Recent Louisiana Law Grads Don’t Need Bar Exam Due to Virus
NEW ORLEANS (AP) — Since Louisiana’s July bar exam was canceled due to the coronavirus pandemic, recent law school graduates can practice law without the exam, the Louisiana Supreme Court said in an order Wednesday.
But the court also said the graduates must take extra courses and go through mentoring by the end of 2021 to keep their law licenses.
“The additional educational and mentoring requirements … will serve as guardrails to ensure the competency and integrity of the newly-admitted attorneys during their first year of practice,” the court said in a news release.
Chief Justice Bernette Johnson wrote the order and said the action was “not only warranted, but necessary during this public health crisis.” Three of the seven justices dissented, two of them describing the change as a giveaway to more than 500 people who have earned law degrees since the start of December. The state Supreme Court estimates that 441 would qualify, deputy administrator Robert Gunn said in an email.
“Gifting a license to practice law is wrong,” wrote Justice William J. Crain. He said only three other states — Washington, Oregon and Utah — have waived the bar exam because of the pandemic.
Justice James Genovese wrote, “This Order labels this free pass as an ‘emergency admission.’ And I ask, ‘Just what is the emergency?’”

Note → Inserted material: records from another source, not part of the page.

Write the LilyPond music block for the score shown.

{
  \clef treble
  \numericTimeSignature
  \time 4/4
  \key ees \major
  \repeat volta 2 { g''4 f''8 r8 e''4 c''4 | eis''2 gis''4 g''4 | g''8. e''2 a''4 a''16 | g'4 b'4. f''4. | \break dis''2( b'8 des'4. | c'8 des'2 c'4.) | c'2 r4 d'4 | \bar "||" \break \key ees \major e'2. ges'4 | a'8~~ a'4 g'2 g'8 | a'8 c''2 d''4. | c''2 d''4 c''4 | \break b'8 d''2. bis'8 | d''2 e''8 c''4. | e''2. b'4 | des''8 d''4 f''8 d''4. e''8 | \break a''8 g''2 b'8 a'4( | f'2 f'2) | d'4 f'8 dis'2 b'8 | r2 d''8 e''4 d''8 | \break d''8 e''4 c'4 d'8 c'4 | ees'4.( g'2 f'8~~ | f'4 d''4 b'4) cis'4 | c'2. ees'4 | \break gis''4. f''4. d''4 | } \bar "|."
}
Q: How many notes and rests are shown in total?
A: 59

Crain noted that the test was not waived even after Hurricane Katrina hit Louisiana in 2005, destroying many graduates’ exam records and forcing them to retake the test. “Not even in the face of flood-induced homelessness, near complete displacement, and death did we eliminate this prerequisite,” he wrote.

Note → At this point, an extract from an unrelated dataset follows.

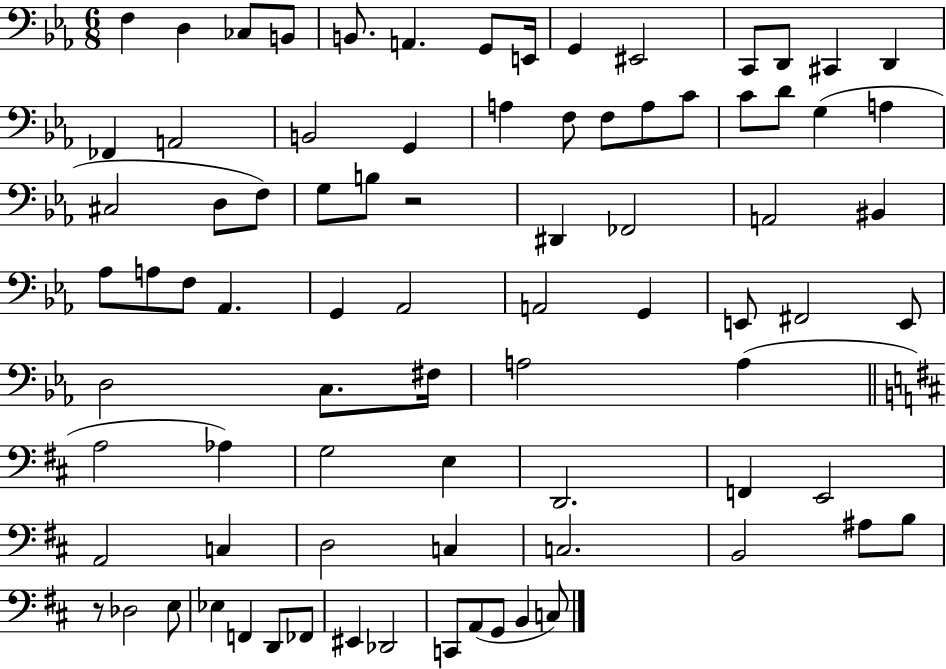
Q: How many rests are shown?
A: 2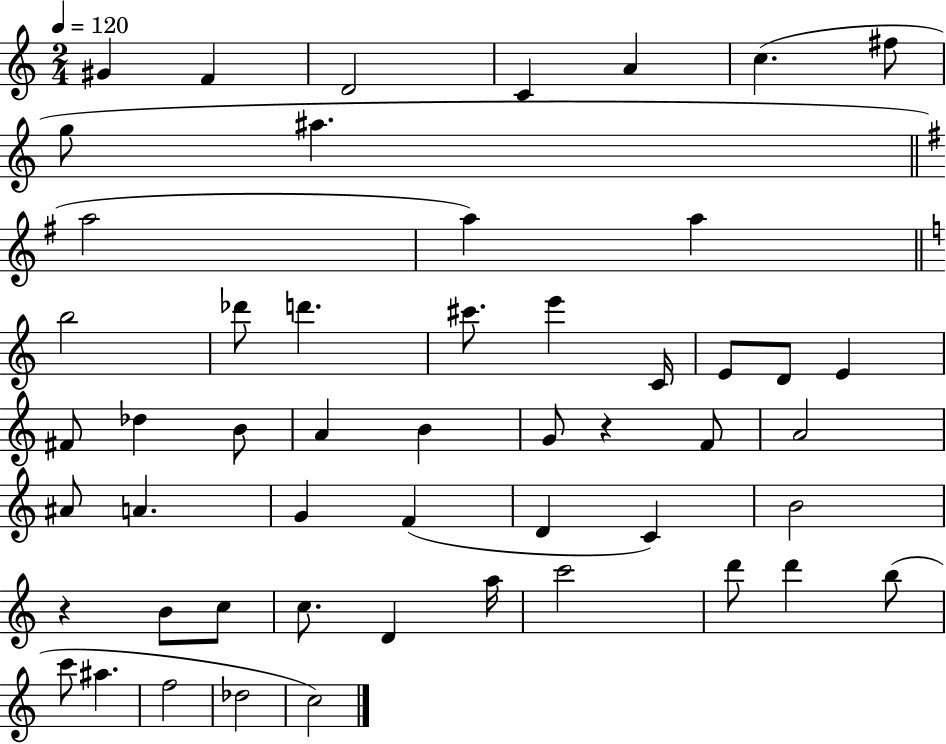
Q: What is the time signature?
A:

One-fifth to one-quarter of all graduates who take the bar exam fail it, according to Genovese and Crain.
Justice Jefferson D. Hughes III also dissented, calling Wednesday’s order an overreaction to the overreaction of canceling the test.
The bar exam was waived in 1953 because of the Korean War, according to the court’s news release.
On July 15, the state’s highest court canceled a July 27 bar exam date, saying it would be “imprudent for health and safety reasons related to the COVID-19 virus.” The date for either an online exam or an in-person test in four cities around the state had been approved when cases of the disease had fallen and some restrictions had been lifted, but cases are now on the rise. All four cities where the test had been planned were in areas with the highest infection rates, the court said.
The Louisiana Department of health reported Wednesday that the number of people diagnosed with the COVID-19 illness had risen by 2,771, to 99,354 — the largest single-day increase ever in Louisiana — and 3,558 of them have died. The 1,581 currently hospitalized patients comprise the largest number since 1,588 on April 23.
The heads of the four law schools in Louisiana — at Tulane, Louisiana State, Southern and Loyola universities — wrote to the state Supreme Court the day after the July exam was canceled, asking for a “clear path forward” for their graduates.
To be eligible for the program, students must have graduated in December or later from a school accredited by the American Bar Association, and be first-time bar exam applicants who have completed registration for the July or October test and don’t plan to take one in any other state or territory this year.
To remain qualified they must complete 25 hours of continuing legal education and the Louisiana State Bar Association’s “Transition Into Practice” mentoring program by Dec. 31, 2021.
The court said people who registered for the exam but don’t meet the definition of “qualified candidate” can take the exam remotely on Aug. 24 or Oct. 10. Graduates who take the bar exam and don’t pass it cannot participate in the emergency program.